The naive approach—cramming everything into a single Dockerfile—leads to several problems:
- Bloated production images with unnecessary development tools
- Slow development builds when production optimizations interfere with quick iteration
- Maintenance complexity when trying to balance competing requirements in one file
Instead, we designed a three-tier architecture that maximizes efficiency and maintainability.
The Three-Tier Docker Architecture
Tier 1: Dockerfile.base (Foundation)
A shared foundation containing system dependencies and runtime tools that both development and production need.

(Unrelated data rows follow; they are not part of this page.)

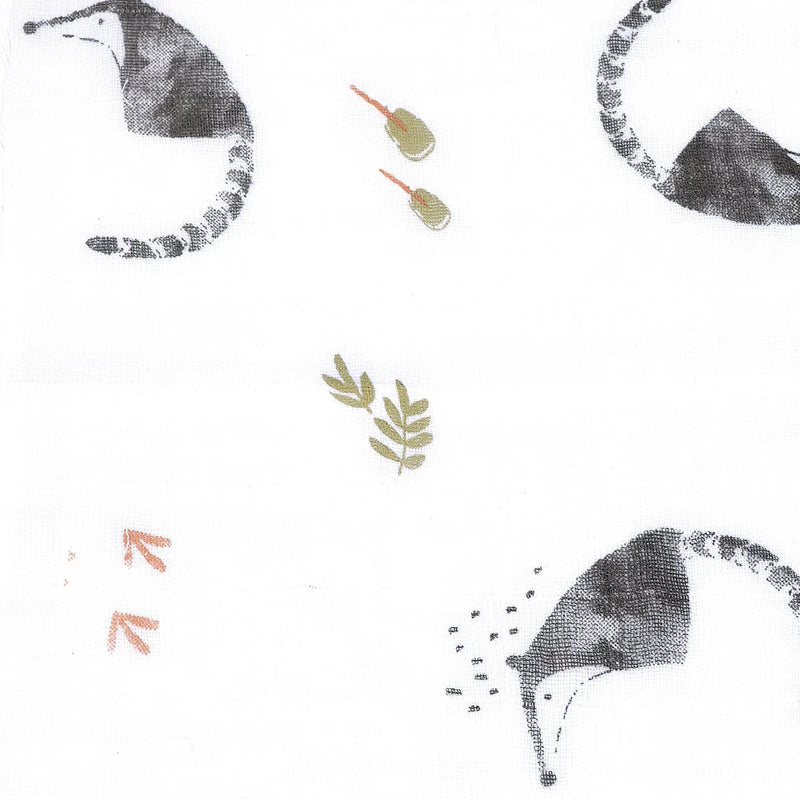 Couverture mousseline de coton -  Fourmiliers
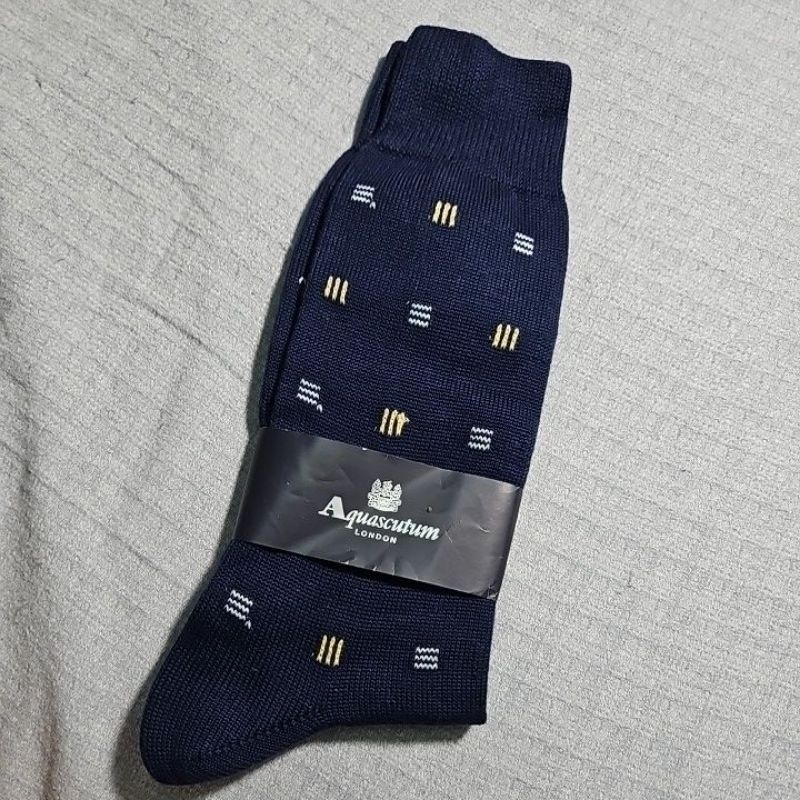 Aquascurum 英國品牌 日本製 襪子 小腿襪 紳士襪 中等厚度 上班 雅痞 長襪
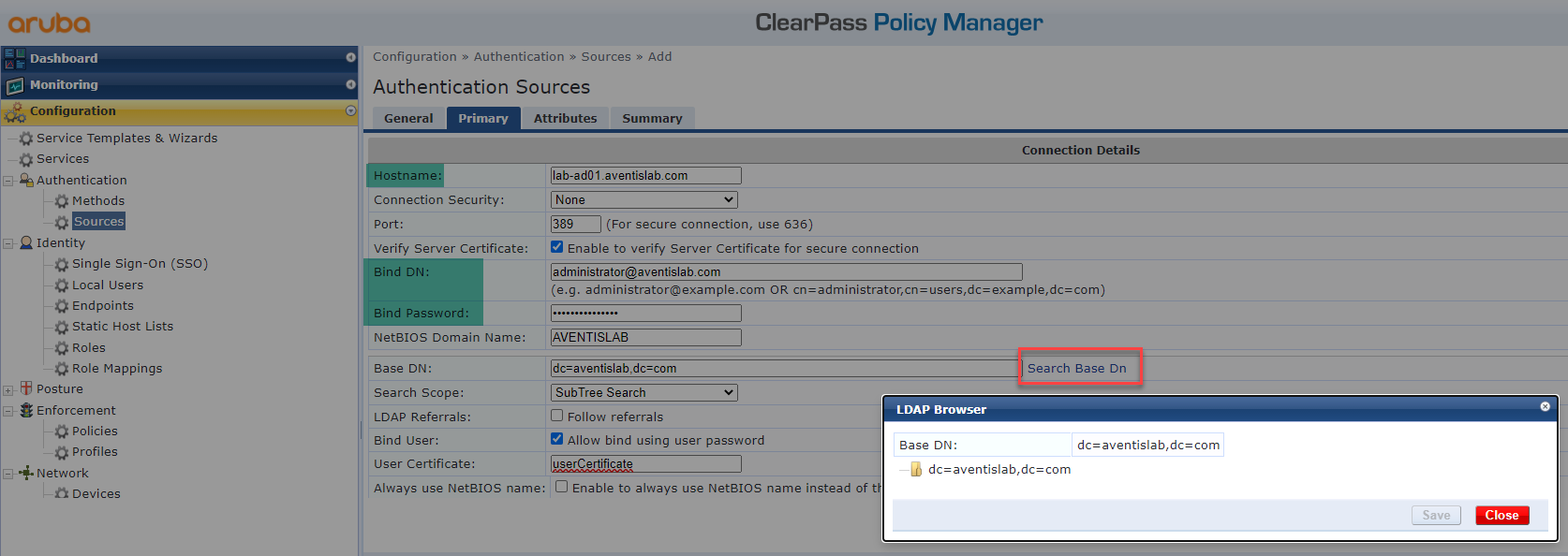 EAPPEAP Authentication With ClearPass And AD AventisTech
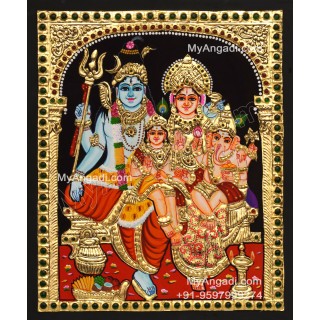 Siva Family Tanjore Painting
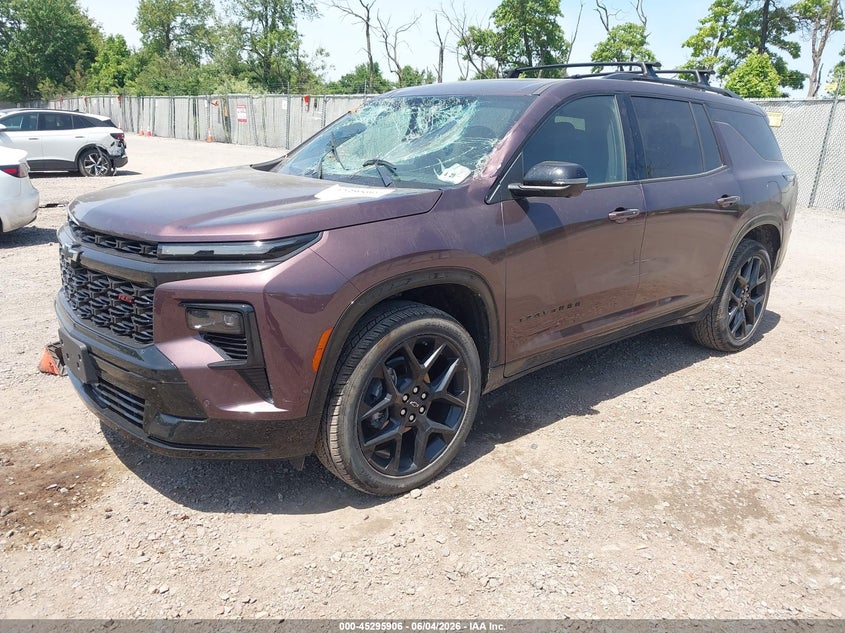 2025 Chevrolet Traverse VIN 1GNEVLRS9SJ180127 IAAI salvage auction — FRONT END, Salvage Title, sold $20,100 on 2026-07-28 (photo 2)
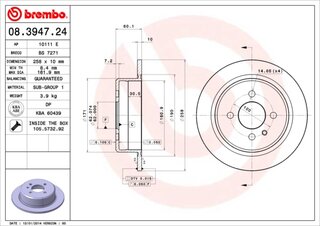 Brembo 08.3947.24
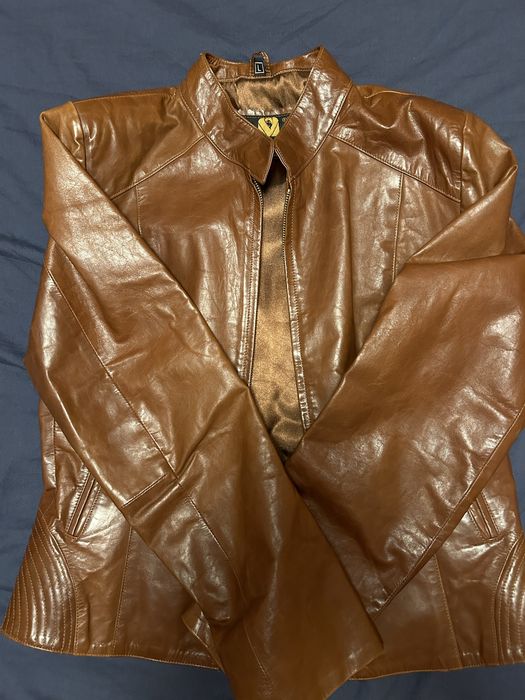 Дамско кожено яке от естествена кожа
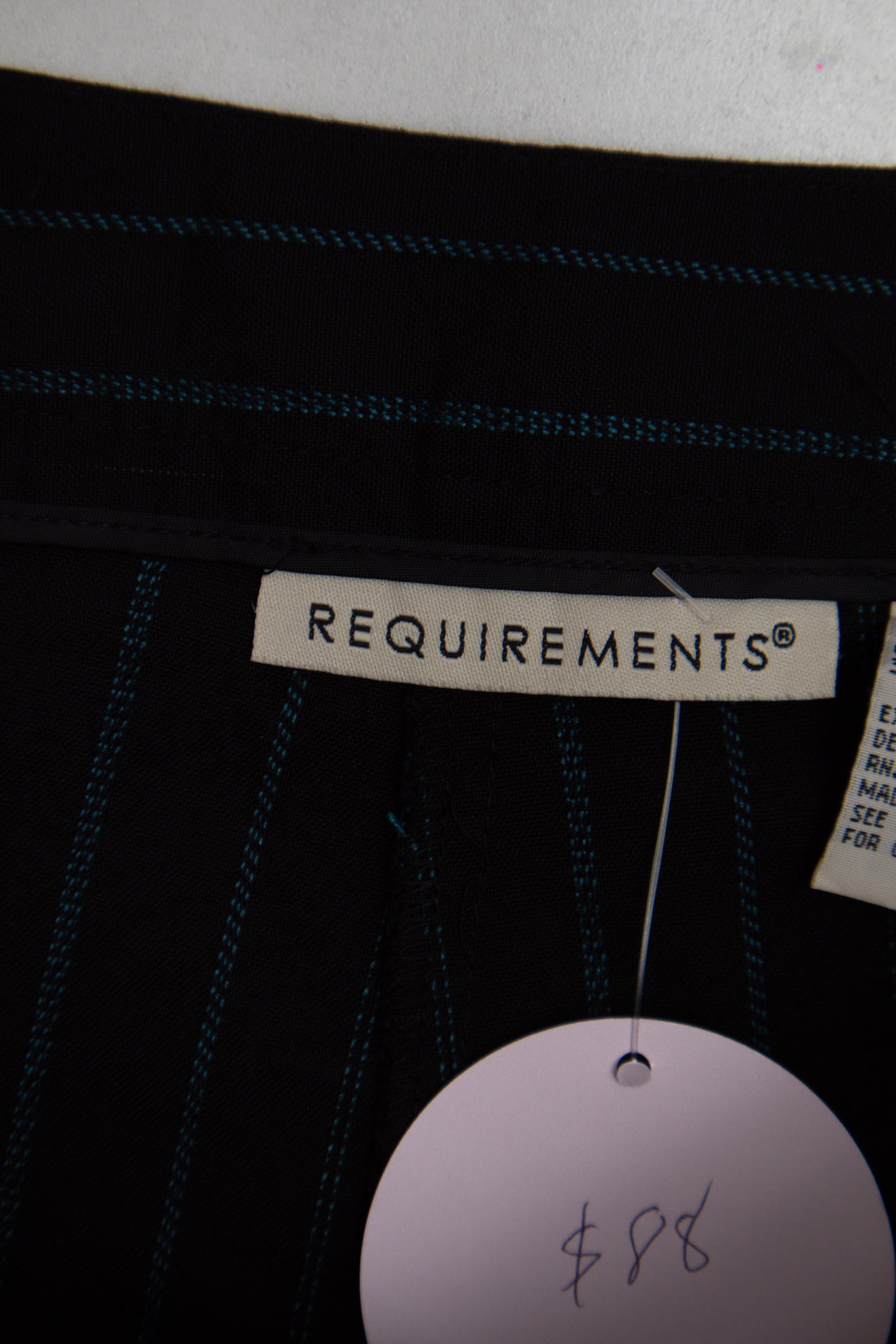 #196 Requirements Pants Black | c. 193 | Size 12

Tier 2: Dockerfile.dev (Development)
Development-optimized container with debugging tools, volume mounts, and fast iteration capabilities.
Tier 3: Dockerfile (Production)
Lean production container optimized for memory usage, security, and deployment efficiency.
This separation allows each environment to optimize for its specific requirements while maintaining consistency in the
core stack.
Building the Foundation: Dockerfile.base
The base image handles the complex system-level setup that both environments share:
ARG RUBY_VERSION=3.2.7
FROM ruby:${RUBY_VERSION}-slim
ARG NODE_VERSION=20.18.3
# Install system dependencies shared by all environments
RUN apt-get update -qq && \
apt-get install -y --no-install-recommends \
build-essential \
curl \
git \
gnupg \
libpq-dev \
postgresql-client \
software-properties-common && \
rm -rf /var/lib/apt/lists/*
# Setup Node.js with specific version
RUN NODE_MAJOR=$(echo ${NODE_VERSION} | cut -d. -f1) && \
curl -sL https://deb.nodesource.com/setup_${NODE_MAJOR}.x | bash - && \
apt-get update -qq && \
apt-get install -y nodejs && \
npm install -g yarn && \
apt-get clean && rm -rf /var/lib/apt/lists/*
WORKDIR /choir-site
RUN gem install bundler -v "~> 2.4.0"
Key Design Decisions
ARG Placement Strategy:
ARG RUBY_VERSION=3.2.7 # Available for FROM instruction
FROM ruby:${RUBY_VERSION}-slim
ARG NODE_VERSION=20.18.3 # Re-declared for use in RUN commands
ARG variables defined before FROM are only available for the FROM instruction itself. To use version variables in RUN
commands, they must be re-declared after FROM.
Version Management:
Instead of hardcoding versions, we read them from project files:
# Build command reads from project files
docker build -t whittakertech/choir-base:latest \
--build-arg RUBY_VERSION=$(cat .ruby-version) \
--build-arg NODE_VERSION=$(cat .node-version) \
-f Dockerfile.base .
Package Installation Strategy:
# Install, clean, and remove package lists in single layer
RUN apt-get update -qq && \
apt-get install -y --no-install-recommends \
package1 \
package2 && \
rm -rf /var/lib/apt/lists/*
This pattern minimizes image size by cleaning up package metadata in the same layer as installation.
Publishing the Base Image
The base image must be published to a container registry before other Dockerfiles can reference it:
# Build with proper tags
docker build -t whittakertech/choir-base:latest \
--build-arg RUBY_VERSION=$(cat .ruby-version) \
--build-arg NODE_VERSION=$(cat .node-version) \
-f Dockerfile.base .
# Tag with version for reproducibility
docker tag whittakertech/choir-base:latest \
whittakertech/choir-base:ruby-3.2.7-node-20.18.3
# Push to Docker Hub
docker login
docker push whittakertech/choir-base:latest
docker push whittakertech/choir-base:ruby-3.2.7-node-20.18.3
Critical for Heroku: Heroku’s container registry pulls images during the build process. Without publishing the base
image to an accessible registry, deployments fail with “image not found” errors.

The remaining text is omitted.